[comp.lang.c] C preprocessing

bomgard@iuvax.cs.indiana.edu (Tim Bomgardner) (09/22/90)

This is a philosophical/religious/semi-rhetorical question.  Wouldn't it
be nice, if in the following code the compiler would do what I meant
instead of what I said?  If I (and I'm sure everyone reading this) can
see exactly what is wanted, why can't a compiler?  Code is written two-
dimensionally--it has visual structure (at least mine does)--so why does
it have to processed as a one-dimensional string of tokens?  My personal
preprocessor (when I get around to writing it) will know exactly what to
do with this:

    if (bool_expression)
        do_something();
        do_something_else();
        if (another_bool_expression)
            do_anything();
    else
        do_this_when_bool_expression_is_false();

karl@haddock.ima.isc.com (Karl Heuer) (09/22/90)

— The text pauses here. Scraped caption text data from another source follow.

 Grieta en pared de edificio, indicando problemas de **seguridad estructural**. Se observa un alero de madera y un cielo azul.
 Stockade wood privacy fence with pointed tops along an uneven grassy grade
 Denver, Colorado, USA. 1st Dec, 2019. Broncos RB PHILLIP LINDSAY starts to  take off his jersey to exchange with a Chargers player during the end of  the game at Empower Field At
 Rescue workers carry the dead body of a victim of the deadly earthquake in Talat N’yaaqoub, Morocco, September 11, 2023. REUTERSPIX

In article <59770@iuvax.cs.indiana.edu> bomgard@iuvax.cs.indiana.edu (Tim Bomgardner) writes:
>Wouldn't it be nice, if ... the compiler would do what I meant [by
>interpreting the indentation] instead of what I said?

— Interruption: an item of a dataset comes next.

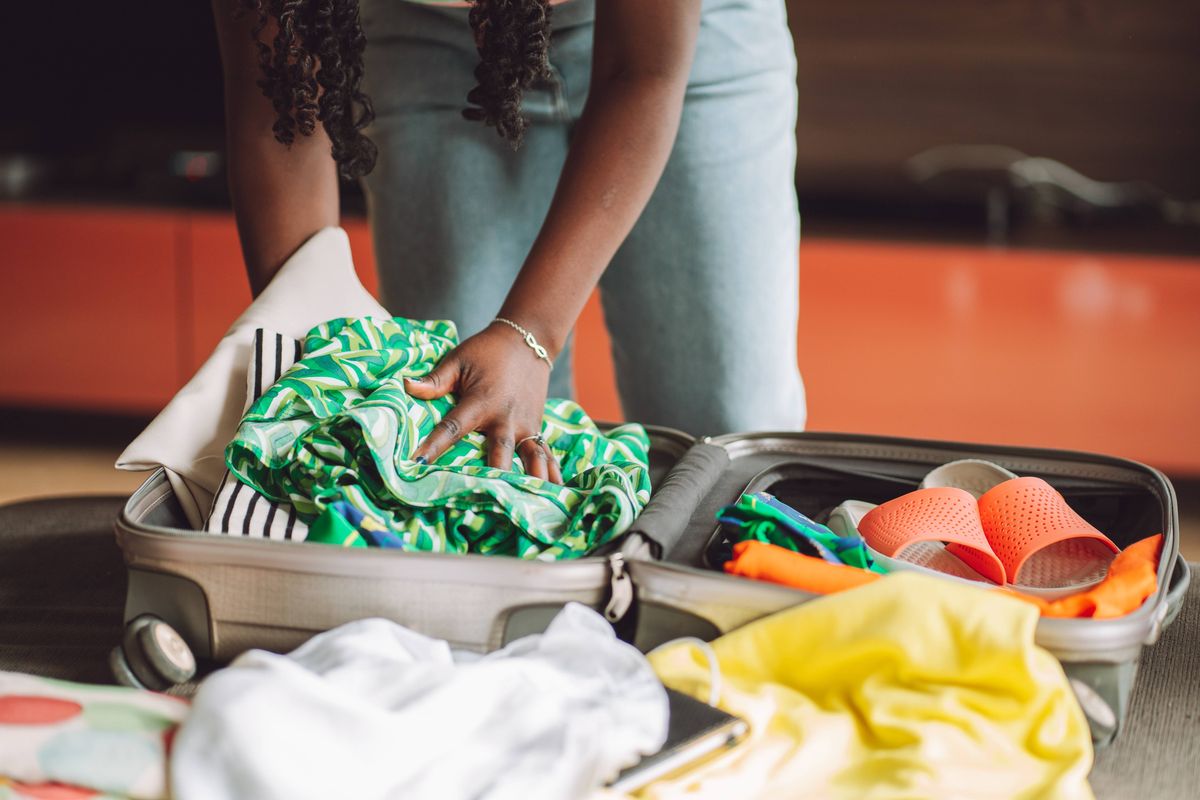 Woman packing her suitcase.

I personally like the idea, but it's not C (nor any other language I use,
though I understand Occam has it).  So, being realistic, let's say instead:

Wouldn't it be nice if the compiler (or some related tool) would provide
(optional!) warnings for possibly misindented code?

Things to worry about: (a) whitespace caused by macro expansion; (b) how to
count tabs vs. spaces; (c) accepting all plausible personal indentation styles
(or making it user-configurable).

Karl W. Z. Heuer (karl@kelp.ima.isc.com or ima!kelp!karl), The Walking Lint

martin@mwtech.UUCP (Martin Weitzel) (09/24/90)

In article <18102@haddock.ima.isc.com> karl@kelp.ima.isc.com (Karl Heuer) writes:
>In article <59770@iuvax.cs.indiana.edu> bomgard@iuvax.cs.indiana.edu (Tim Bomgardner) writes:
>>Wouldn't it be nice, if ... the compiler would do what I meant [by
>>interpreting the indentation] instead of what I said?
[...]
>Wouldn't it be nice if the compiler (or some related tool) would provide
>(optional!) warnings for possibly misindented code?

If you have an indentation tool (eg. "cb") which satisfies your personal
stile, you can reformat the source with it and then look for diff's wrt
the original version. This could also be done automatically as part of
"lint"-ing the source.
-- 
Martin Weitzel, email: martin@mwtech.UUCP, voice: 49-(0)6151-6 56 83

rmj@tcom.stc.co.uk (Rhodri James) (09/24/90)

In article <18102@haddock.ima.isc.com> karl@kelp.ima.isc.com (Karl Heuer) writes:
>In article <59770@iuvax.cs.indiana.edu> bomgard@iuvax.cs.indiana.edu (Tim Bomgardner) writes:
>>Wouldn't it be nice, if ... the compiler would do what I meant [by
>>interpreting the indentation] instead of what I said?
>
>I personally like the idea, but it's not C (nor any other language I use,
>though I understand Occam has it).  So, being realistic, let's say instead:

I understand (from a friend who uses Occam) that it's a complete pain.
Counting spaces, even on a fixed character width screen like nearly all
are, is at times a non-trivial operation.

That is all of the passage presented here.